RCT, randomized controlled trial; CCT, controlled clinical trial; PG, parallel group; CO, cross-over; C, control 1; I, intervention; HA, headache; IHS, International Headache Society 1988; QS, quality score on Delphi list with positive items in parentheses; N, number of subjects in the trial; RR, relative risk with 95% confidence interval; SD, standard deviation; SMD, standard mean difference with 95% confidence interval; EMG, electromyography.

Participants

The number of included participants in each trial ranged from 17 to 136 (mean 44 ± 29 patients), with a total of 834 patients included. Most studies were small; out of 44 study groups, 29 (66%) included not more than 15 subjects and only one study included over 30 subjects in each of the three study groups. The mean percentage of participants who dropped out was 11.4% (range 0–36.1%). The mean age of participants was 11.7 ± 1.6 years (range 3–18 years). Overall, the percentage of girls was generally the same as boys (mean 55.6%; range 20.0–75.6%). Seven trials used the criteria of the International Headache Society to classify migraine (see Table 1), one trial used the Ad Hoc Committee's criteria, while the remaining studies used varying definitions. Two studies used a cross-over design.

Interventions

The interventions used could be divided into behavioural treatments and life-style adjustments or acupuncture. For behavioural treatment comparisons were made between relaxation and placebo (11–13), biofeedback and placebo (11, 14–16), cognitive behavioural therapy (CBT) and placebo (13, 17). There were six studies with remaining comparisons (13, 18–21). For life-style adjustments comparisons were made between instructions to improve sleep hygiene and placebo (22), red and blue colour tint glasses (23), inclusion and exclusion of foods high in vasoactive amines (24), di- or oligoantigenic diet and placebo (25, 26), fish oil and olive oil (27), and acupuncture and placebo (28).

Outcome measures

All studies used headache (HA) diaries to assess outcomes. Using this diary amongst others, HA frequency, intensity and duration were scored on a Likert-scale. In most studies (14 out of 19) a measure of clinical improvement was calculated. In these studies an improvement was regarded as being clinically relevant when the patients’ headache declined by ≥50%. This score is presented as ‘HA improvement’ outcome in Table 1 and is our primary outcome measure. When this outcome measure was not available, we used headache measures (frequency, intensity or duration).

Methodological quality

The quality score (with positive items in parentheses) is presented in the ‘Study quality’ section of Table 1. The median score for methodological quality was 4 (range 2–7). Using a cut-off point of six out of 10 criteria, only two out of the 19 studies (10.5%) were considered to be of high quality (27, 28). The most prevalent methodological shortcomings were blinding of the care provider (unclear 100%), a concealed randomization method (unclear 79%, negative 16%) and blinding of both the patient and outcome assessor (both unclear 84%).

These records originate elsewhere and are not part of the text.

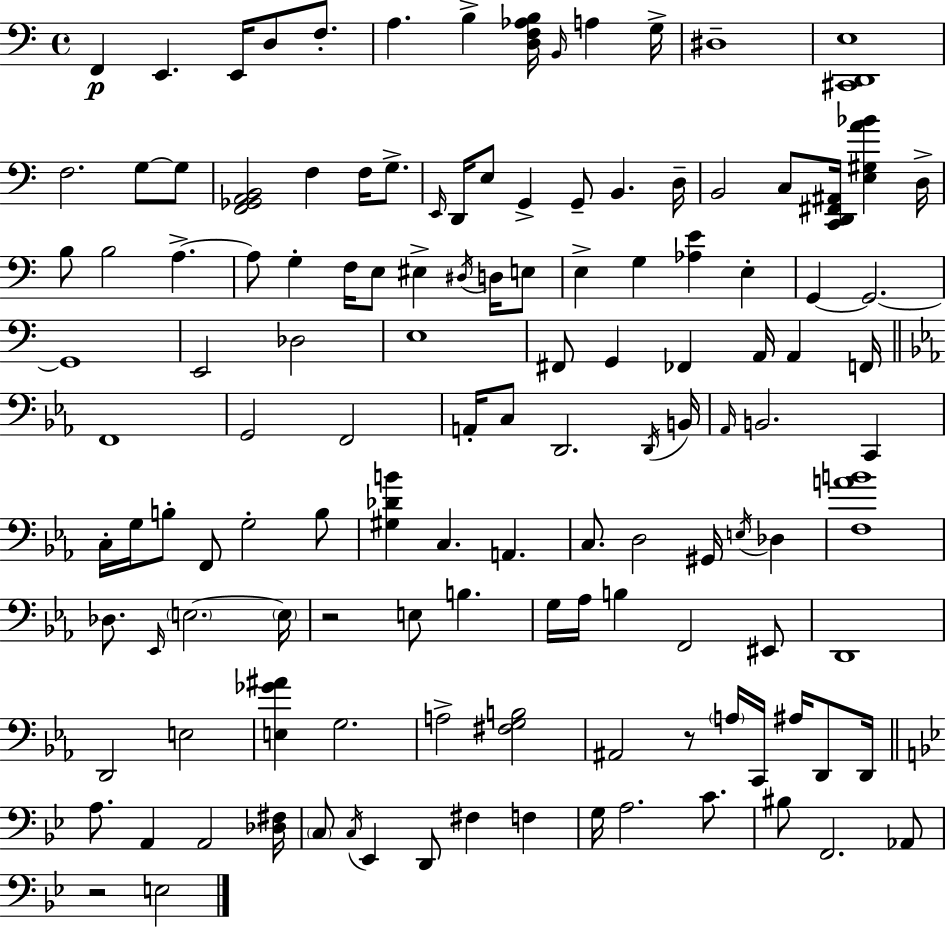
X:1
T:Untitled
M:4/4
L:1/4
K:C
F,, E,, E,,/4 D,/2 F,/2 A, B, [D,F,_A,B,]/4 B,,/4 A, G,/4 ^D,4 [^C,,D,,E,]4 F,2 G,/2 G,/2 [F,,_G,,A,,B,,]2 F, F,/4 G,/2 E,,/4 D,,/4 E,/2 G,, G,,/2 B,, D,/4 B,,2 C,/2 [C,,D,,^F,,^A,,]/4 [E,^G,A_B] D,/4 B,/2 B,2 A, A,/2 G, F,/4 E,/2 ^E, ^D,/4 D,/4 E,/2 E, G, [_A,E] E, G,, G,,2 G,,4 E,,2 _D,2 E,4 ^F,,/2 G,, _F,, A,,/4 A,, F,,/4 F,,4 G,,2 F,,2 A,,/4 C,/2 D,,2 D,,/4 B,,/4 _A,,/4 B,,2 C,, C,/4 G,/4 B,/2 F,,/2 G,2 B,/2 [^G,_DB] C, A,, C,/2 D,2 ^G,,/4 E,/4 _D, [F,AB]4 _D,/2 _E,,/4 E,2 E,/4 z2 E,/2 B, G,/4 _A,/4 B, F,,2 ^E,,/2 D,,4 D,,2 E,2 [E,_G^A] G,2 A,2 [^F,G,B,]2 ^A,,2 z/2 A,/4 C,,/4 ^A,/4 D,,/2 D,,/4 A,/2 A,, A,,2 [_D,^F,]/4 C,/2 C,/4 _E,, D,,/2 ^F, F, G,/4 A,2 C/2 ^B,/2 F,,2 _A,,/2 z2 E,2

Effectiveness of non-pharmacological prophylactic treatment

Relaxation treatment

Three studies compared relaxation with placebo (attention) or a waiting list condition (11–13), of which two studies presented data (11, 13). HA improvement was significantly higher in the autogenic relaxation group compared with the waiting list condition (11). No significant differences in HA frequency were found between progressive relaxation and attention control (13). Both studies were small, with 10–15 people in each treatment group.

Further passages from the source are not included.